**TRY IT**
Repeat the entries word for word. Leave nothing out.
-------
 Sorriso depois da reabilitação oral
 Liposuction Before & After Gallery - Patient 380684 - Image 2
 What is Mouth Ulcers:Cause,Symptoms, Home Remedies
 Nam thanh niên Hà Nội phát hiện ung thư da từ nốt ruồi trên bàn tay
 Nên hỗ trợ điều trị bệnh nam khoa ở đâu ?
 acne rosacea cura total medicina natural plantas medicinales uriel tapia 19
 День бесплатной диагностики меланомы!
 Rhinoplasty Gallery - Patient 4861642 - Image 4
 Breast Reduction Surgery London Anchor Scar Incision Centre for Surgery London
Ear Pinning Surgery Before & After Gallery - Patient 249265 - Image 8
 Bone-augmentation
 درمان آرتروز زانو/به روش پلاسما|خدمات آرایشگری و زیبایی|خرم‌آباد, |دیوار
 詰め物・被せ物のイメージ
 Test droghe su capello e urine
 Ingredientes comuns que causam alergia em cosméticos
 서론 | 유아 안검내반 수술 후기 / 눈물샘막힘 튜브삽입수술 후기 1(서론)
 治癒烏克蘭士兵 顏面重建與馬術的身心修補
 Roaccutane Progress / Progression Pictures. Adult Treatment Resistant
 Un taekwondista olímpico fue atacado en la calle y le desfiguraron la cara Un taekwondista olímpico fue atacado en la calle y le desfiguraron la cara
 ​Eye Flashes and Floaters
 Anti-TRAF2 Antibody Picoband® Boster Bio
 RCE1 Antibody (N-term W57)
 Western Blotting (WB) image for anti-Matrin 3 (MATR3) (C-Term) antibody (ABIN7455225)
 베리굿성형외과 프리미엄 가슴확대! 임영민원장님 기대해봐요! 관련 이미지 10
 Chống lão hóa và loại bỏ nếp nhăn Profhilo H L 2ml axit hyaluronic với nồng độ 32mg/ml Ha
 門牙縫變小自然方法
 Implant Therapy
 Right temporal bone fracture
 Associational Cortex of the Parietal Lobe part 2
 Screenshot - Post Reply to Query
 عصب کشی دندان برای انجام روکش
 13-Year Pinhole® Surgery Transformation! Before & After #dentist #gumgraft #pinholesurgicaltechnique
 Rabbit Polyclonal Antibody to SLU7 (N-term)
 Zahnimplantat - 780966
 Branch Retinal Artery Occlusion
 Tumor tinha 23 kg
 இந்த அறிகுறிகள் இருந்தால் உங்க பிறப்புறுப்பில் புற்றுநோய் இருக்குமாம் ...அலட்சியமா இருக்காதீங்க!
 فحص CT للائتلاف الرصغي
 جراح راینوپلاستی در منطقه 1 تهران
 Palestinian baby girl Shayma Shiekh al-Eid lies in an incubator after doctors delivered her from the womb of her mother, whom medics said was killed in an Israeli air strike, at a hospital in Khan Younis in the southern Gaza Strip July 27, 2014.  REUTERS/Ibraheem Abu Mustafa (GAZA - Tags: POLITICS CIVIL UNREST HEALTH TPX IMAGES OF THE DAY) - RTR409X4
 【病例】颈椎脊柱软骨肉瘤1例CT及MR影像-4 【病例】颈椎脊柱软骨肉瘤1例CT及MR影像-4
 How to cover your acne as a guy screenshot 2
-------
**SOLUTION TO THIS TASK**
 Sorriso depois da reabilitação oral
 Liposuction Before & After Gallery - Patient 380684 - Image 2
 What is Mouth Ulcers:Cause,Symptoms, Home Remedies
 Nam thanh niên Hà Nội phát hiện ung thư da từ nốt ruồi trên bàn tay
 Nên hỗ trợ điều trị bệnh nam khoa ở đâu ?
 acne rosacea cura total medicina natural plantas medicinales uriel tapia 19
 День бесплатной диагностики меланомы!
 Rhinoplasty Gallery - Patient 4861642 - Image 4
 Breast Reduction Surgery London Anchor Scar Incision Centre for Surgery London
Ear Pinning Surgery Before & After Gallery - Patient 249265 - Image 8
 Bone-augmentation
 درمان آرتروز زانو/به روش پلاسما|خدمات آرایشگری و زیبایی|خرم‌آباد, |دیوار
 詰め物・被せ物のイメージ
 Test droghe su capello e urine
 Ingredientes comuns que causam alergia em cosméticos
 서론 | 유아 안검내반 수술 후기 / 눈물샘막힘 튜브삽입수술 후기 1(서론)
 治癒烏克蘭士兵 顏面重建與馬術的身心修補
 Roaccutane Progress / Progression Pictures. Adult Treatment Resistant
 Un taekwondista olímpico fue atacado en la calle y le desfiguraron la cara Un taekwondista olímpico fue atacado en la calle y le desfiguraron la cara
 ​Eye Flashes and Floaters
 Anti-TRAF2 Antibody Picoband® Boster Bio
 RCE1 Antibody (N-term W57)
 Western Blotting (WB) image for anti-Matrin 3 (MATR3) (C-Term) antibody (ABIN7455225)
 베리굿성형외과 프리미엄 가슴확대! 임영민원장님 기대해봐요! 관련 이미지 10
 Chống lão hóa và loại bỏ nếp nhăn Profhilo H L 2ml axit hyaluronic với nồng độ 32mg/ml Ha
 門牙縫變小自然方法
 Implant Therapy
 Right temporal bone fracture
 Associational Cortex of the Parietal Lobe part 2
 Screenshot - Post Reply to Query
 عصب کشی دندان برای انجام روکش
 13-Year Pinhole® Surgery Transformation! Before & After #dentist #gumgraft #pinholesurgicaltechnique
 Rabbit Polyclonal Antibody to SLU7 (N-term)
 Zahnimplantat - 780966
 Branch Retinal Artery Occlusion
 Tumor tinha 23 kg
 இந்த அறிகுறிகள் இருந்தால் உங்க பிறப்புறுப்பில் புற்றுநோய் இருக்குமாம் ...அலட்சியமா இருக்காதீங்க!
 فحص CT للائتلاف الرصغي
 جراح راینوپلاستی در منطقه 1 تهران
 Palestinian baby girl Shayma Shiekh al-Eid lies in an incubator after doctors delivered her from the womb of her mother, whom medics said was killed in an Israeli air strike, at a hospital in Khan Younis in the southern Gaza Strip July 27, 2014.  REUTERS/Ibraheem Abu Mustafa (GAZA - Tags: POLITICS CIVIL UNREST HEALTH TPX IMAGES OF THE DAY) - RTR409X4
 【病例】颈椎脊柱软骨肉瘤1例CT及MR影像-4 【病例】颈椎脊柱软骨肉瘤1例CT及MR影像-4
 How to cover your acne as a guy screenshot 2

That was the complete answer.